Oct 16, 1998, 3:00:00 AM10/16/98

to

>>>Most of the time I'd call these differences too small to be worth doing
a rollout. However this position is different because there are two
very different strategies: come home safely and break points eventually;
or voluntarily break the prime and try to force X off the anchor, hoping
to close out 1-4 checkers eventually.

This is what intrigued me about this position. Also the fact that I would
not have thought to apply the Snowie strategy in this position. But, as I
was sitting there behind the prime, I also realized that with my speed board
and a decent escape I could win.

As it turned out I did hit Snowie on the next roll and was ready to escape
at least that one checker. As I brought it around Snowie hit me back. And
when I entered from the bar I felt I was worse off then before because
one was sitting alone and ready for Snowie to attack. I was also faced with
breaking the stack of two and this would leave two checkers inside for Snowie
to attack.

As you point out rollouts don't tell everything. I learned how things
could get worse for me even though I hit and did not get closed out. So
something might be said testing a position by playing it several times to see
the ways you can end up 10 rolls later.

>>>If one strategy is better than another and the neural nets evaluate it
incorrectly, the best we can do is force a neural net to make the desired play
on the first move. For example, jellyfish might remake the 7point on the next
play when we roll out bar/20 7/6, and Snowie might break the 7point next turn
when we roll out bar/20 9/8.

Right. There is also the element of style-of-play.
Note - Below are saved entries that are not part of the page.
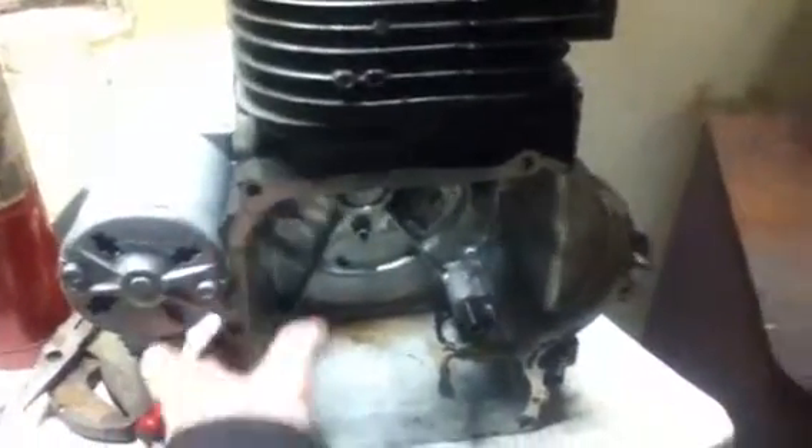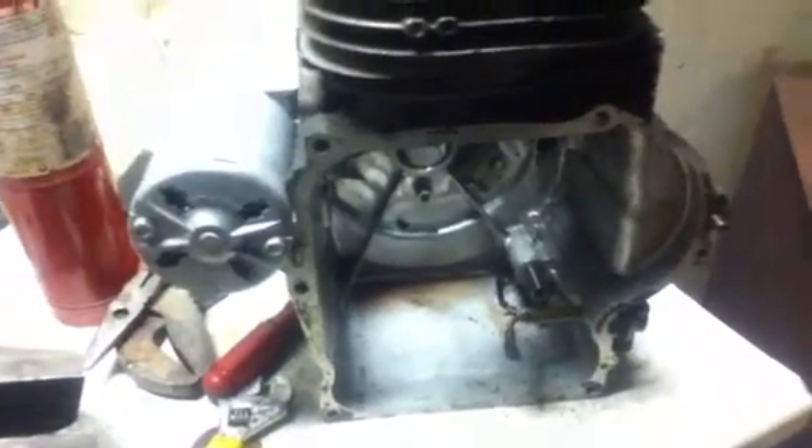New project - a late 80s Briggs 11 horsepower short block, vertical shaft. I'm doing this just for fun. I'll take the starter, stator, and seal off. The seal actually feels good, which is nice - if they're hard or have rips, replace them. I'll pressure wash it, clean it all up, strip the old paint, and put a fresh coat on it.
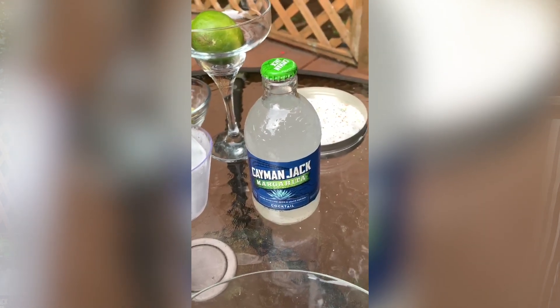But today, Rosie's wearing her sombrero, and you know what that means — it's margarita time! It's a fido fiesta. It's mutt margarita time, and we are so excited to get our Cayman Jack margaritas on.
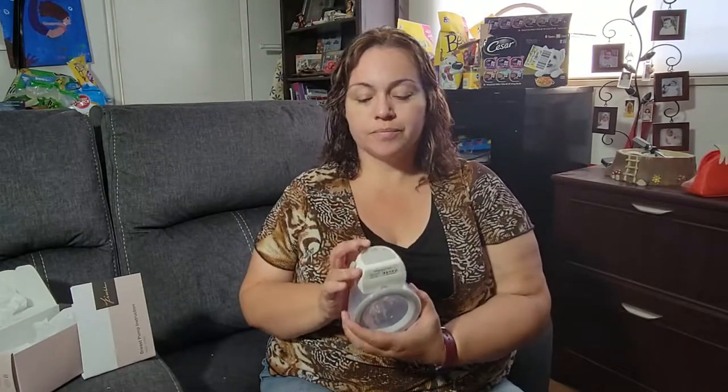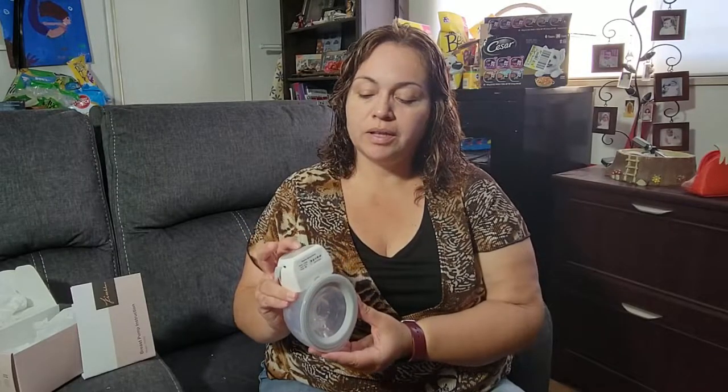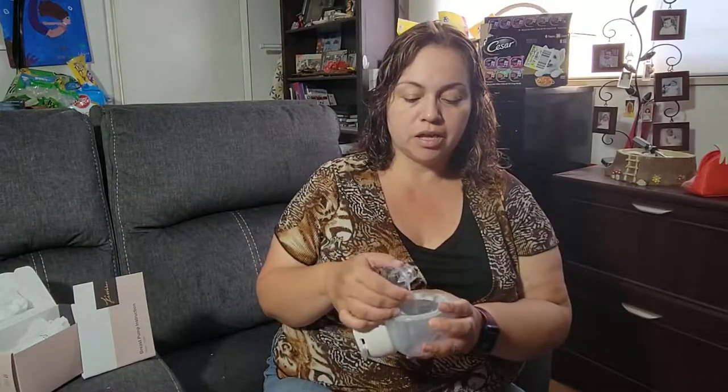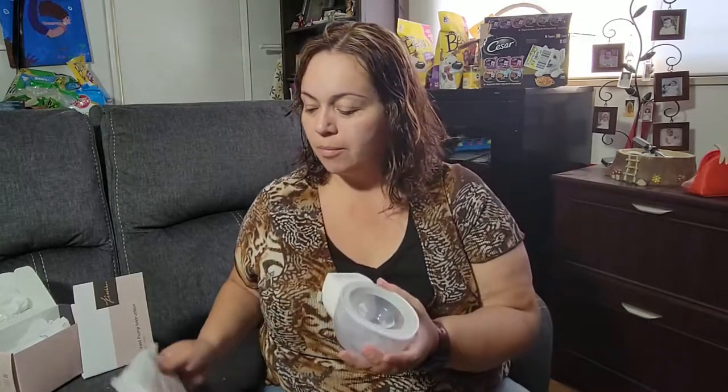It comes with the pump engine that you can start at a very low level and then increase if you want a little bit more suction. It also comes with the charging wire, as well as some extensions for your bra strap, which are very convenient. It also comes with extra accessories in case you need to replace the size before using it. It stores the milk inside this little capsule here, and then you can just put the top to close it and store it in the fridge. It also comes with little baggies if you want to store your milk, which is great.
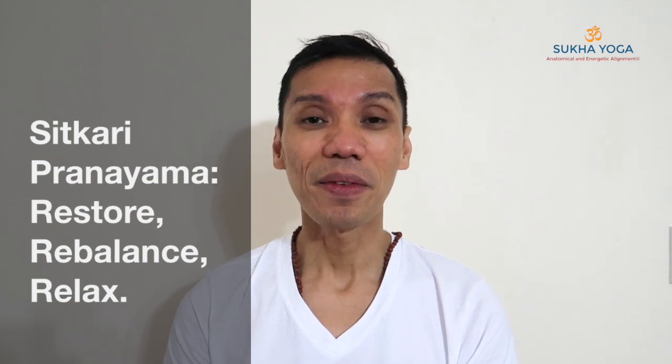Namaste, welcome. For this lesson, let me teach you the Shitkari pranayama. This breath regulation is helpful in relaxing and restoring our nervous system, as well as aiding the function of our endocrine organs and digestion. It's a cooling breath, so if you feel hot, this is a good way to balance the temperature of your body.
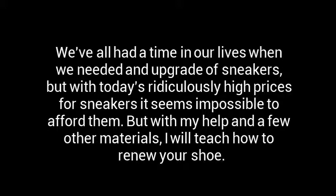Now, we've all had a time in our business when we needed an upgrade of sneakers. But with today's ridiculously high prices for sneakers, it seems almost impossible to afford them. But with my help and a few other materials, I will teach you how to renew your shoes.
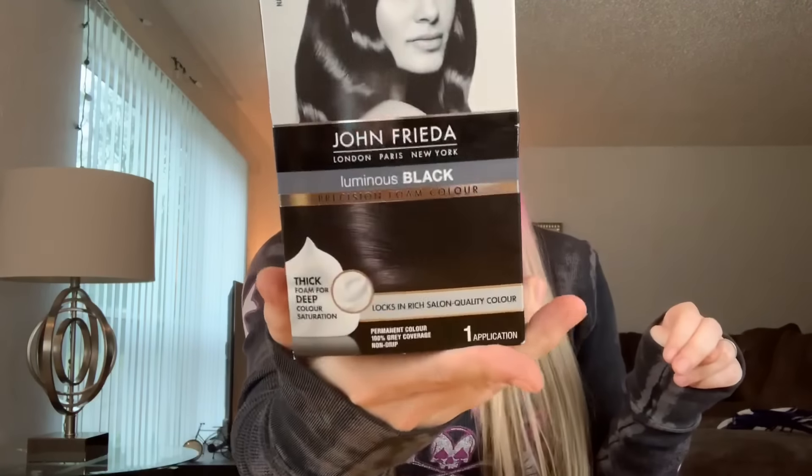I'm so nervous. I don't know why I do these things to myself, but this morning I decided I wanted to dye my hair black, and so here we are this afternoon doing that. I'm going to dye my hair luminous natural black. I got John Frieda. I've never used foam box hair color, never used this brand before, never done this color before. Matter of fact, I've never even dyed my own hair before — my husband John usually does this for me.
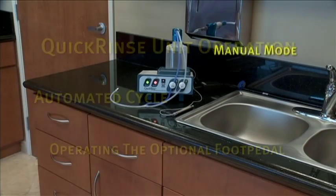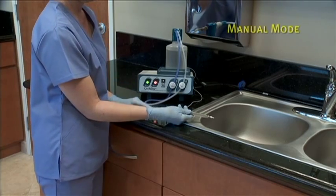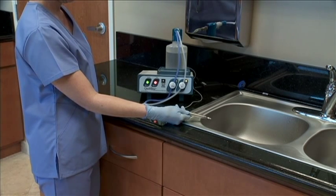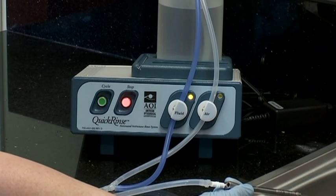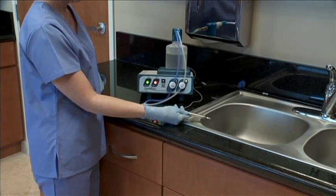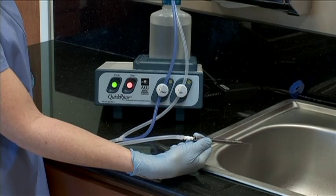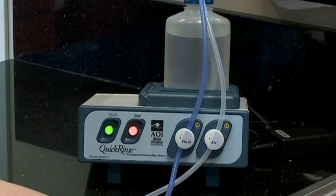To begin the manual mode, first connect the instrument interface tube to the item to be rinsed. Make sure tubing is securely gripping the item to be rinsed. To enter manual mode, first press the cycle button once to begin the automatic rinse cycle. At any time during the automatic cycle, press the cycle button a second time to enter the manual mode. You will notice that the cycle button will begin to flash when entered into manual mode. While in manual mode, the user can alternate between fluid and air by pressing the cycle button. The amber light above the open valve will illuminate. To end the manual mode, press the stop button. The cycle button will stop flashing and the unit will reset for the next use. If no buttons are pressed during the manual mode, it will time out after one minute.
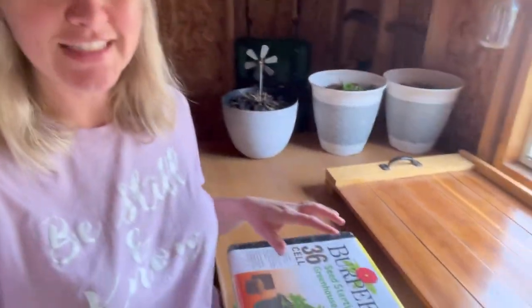Hey friends, welcome back to Simply Home and Harvest. Today we are going to start seeds. We're getting a little bit of a late start in the day — it's been a beautiful day here, but because of life and because it's a Monday, we had some things to do. I'm going to try to get some seeds going and let you see what we are starting for our 2023 garden.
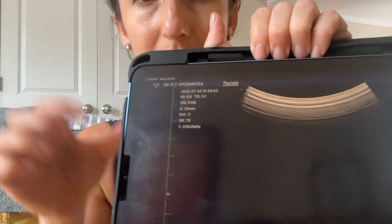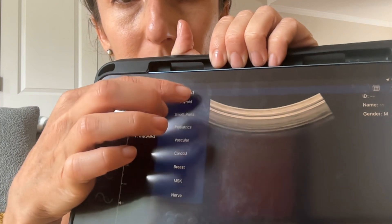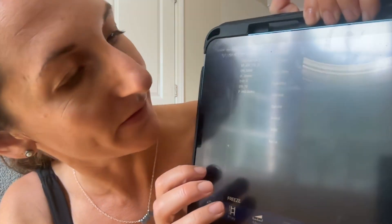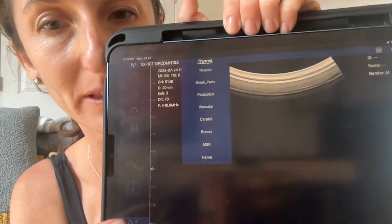If you press the center button and hold it, I've now switched to the linear probe, and you can see on my app I have different options that are more small body parts. With the linear probe, we can look at thyroid, pediatrics, vascular, carotid, breast, musculoskeletal, and nerve. We'll play around with this one first.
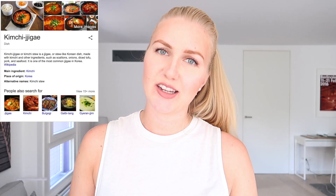Kimchi jjigae or kimchi stew is a Korean stew-like dish that includes kimchi obviously. It includes other ingredients as well. I'll be using scallions. It should include also onions but I forgot to buy them. Then pork belly or some other fatty part of the pork and diced tofu. I'll be also adding some bean sprouts but that's optional. You could also add some seafood flavor in it. It goes very well with the kimchi flavor.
I started
introducing some of the preferred openers into my game on FIBS and
ended up loosing more. I think the reason is that I don't have all the other
skills that go along with dealing with what follows. So even if this is
the best move for Snowie to make, it might not be the best one for me to
make.

Anyway, I've read over your other comments and some of them have my head
swimming. I just recently found out about Jellyfish and Snowie and hope to
eventually understand more of the number crunching.